Am 26. Juli 1948 zwischen 3 und 4 Uhr morgens begab sich B. in das
Schlafzimmer der S. W. und vollzog mit ihr im Bewusstsein, dass sie noch nicht
sechzehn Jahre alt war, den Beischlaf. Frau B. befand sich damals im
Kantonsspital Münsterlingen.
B. - B. wurde unter der Anklage der Unzucht mit einem Dienstboten unter
sechzehn Jahren (Art. 191 Ziff. 1 Abs. 2 StGB) dem Geschworenengericht des
Kantons Thurgau überwiesen und am 30. Juni 1952 in Anwendung der erwähnten
Gesetzesbestimmung zu zwei Jahren Zuchthaus verurteilt und für drei Jahre über
die Strafzeit hinaus in der bürgerlichen Ehrenfähigkeit eingestellt.

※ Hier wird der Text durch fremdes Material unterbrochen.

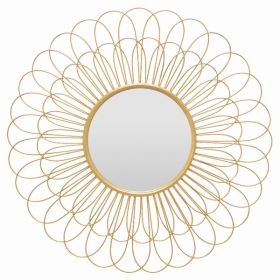 Plutus Brands Wall Mirror Petal Design in Gold Metal (Pack of 1)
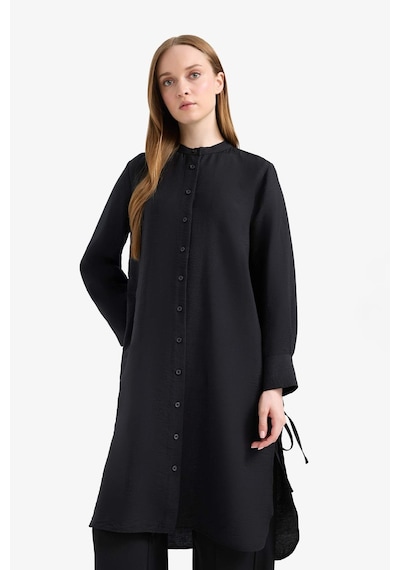 DeFacto Regular Fit Basic Düz Yanları Bağcıklı Uzun Kollu Tesettür Gömlek Tunik F2182AX25SMBK81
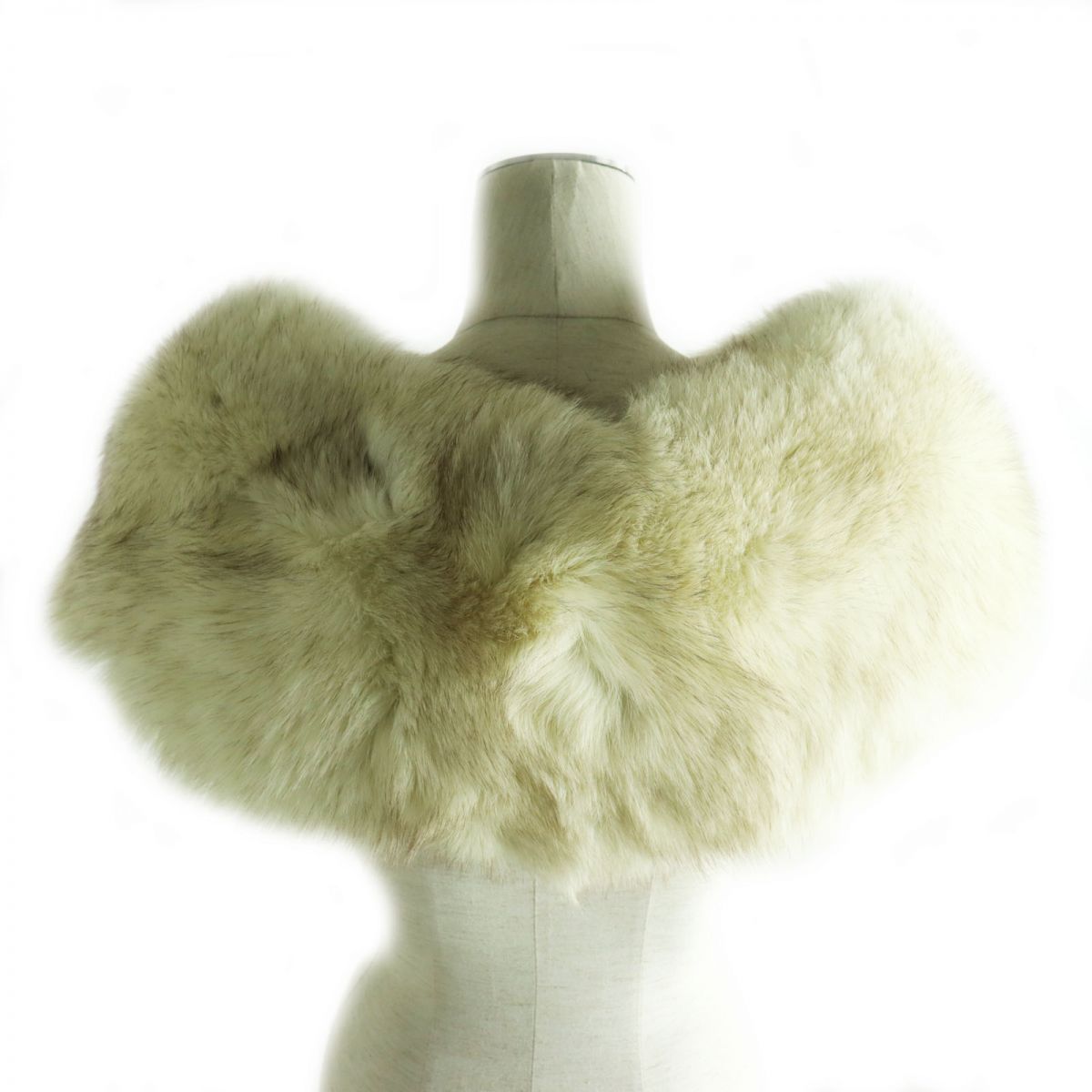 FOX Fur Shawl Stole Tippet Ivory Brown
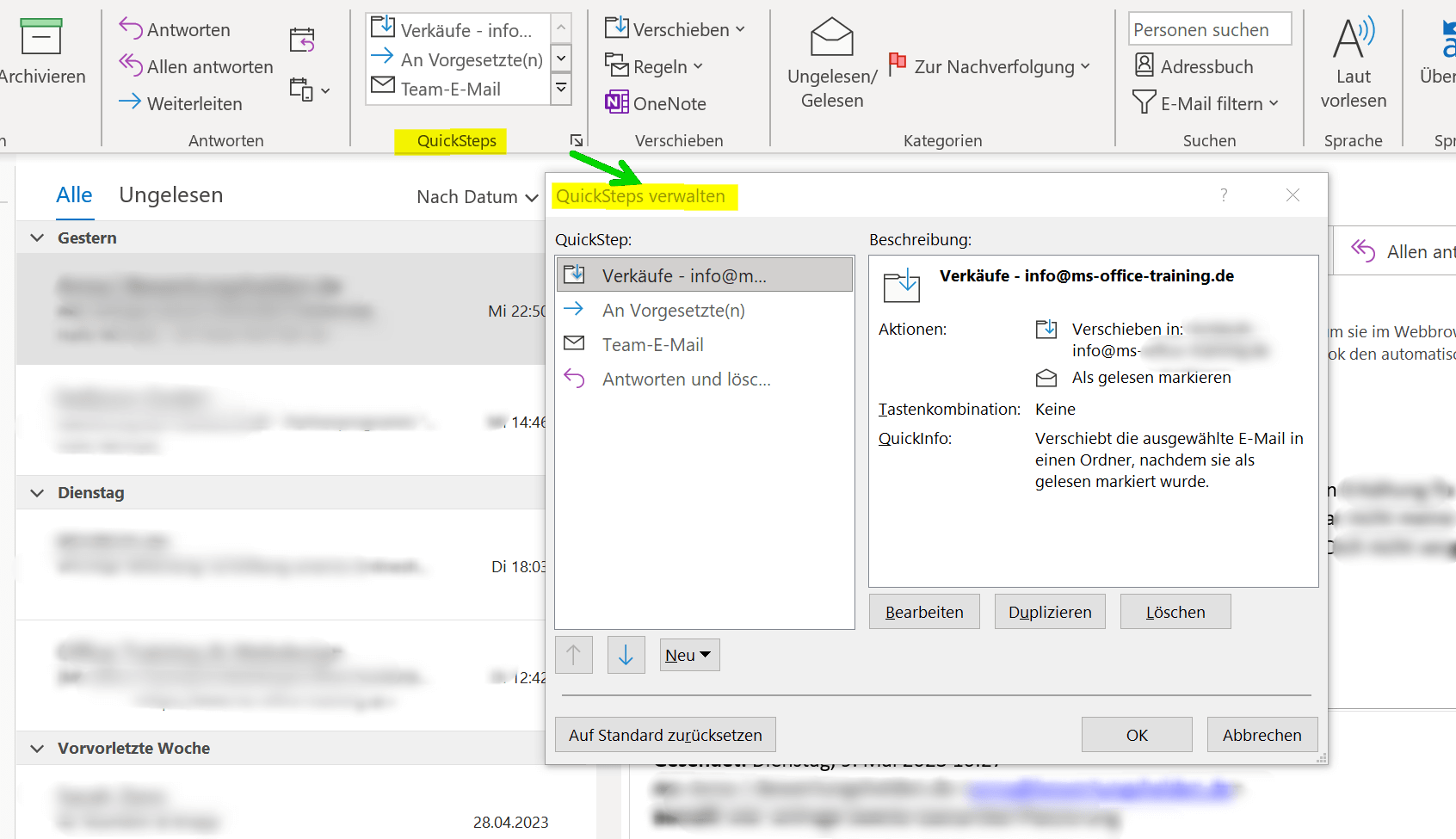 Outlook Quick Steps verwalten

C. - B. führt Nichtigkeitsbeschwerde gemäss Art. 268 ff . BStP mit den
Anträgen, das Urteil der Kriminalkammer sei aufzuheben und die Sache an die
Vorinstanz zurückzuweisen, damit sie ihn von der Anklage der Unzucht mit einem
Dienstboten unter sechzehn Jahren freispreche.
Der Beschwerdeführer macht geltend, S. W. sei nicht sein Dienstbote gewesen.
Es hätten seine besondere Autorität und die besondere Abhängigkeit gefehlt,
die nach BGE 71 IV 192 zum Dienstbotenverhältnis gehörten. Sein Verhältnis zu
S. W. sei absolut lose und locker gewesen. Es habe nur ganz kurze Zeit
gedauert, wobei von Lohn überhaupt nicht die Rede gewesen sei, entgegen der
Annahme der Kriminalkammer. S. W. habe lediglich zweimal von Frau B. ein
Trinkgeld bekommen. Sie sei lediglich aus Güte zu den Kindern gekommen. Sie
habe nicht im Sinne gehabt, in ein Dienstbotenverhältnis zu treten, sondern
habe lediglich einige Tage die Kinder betreuen wollen. Solange Frau B.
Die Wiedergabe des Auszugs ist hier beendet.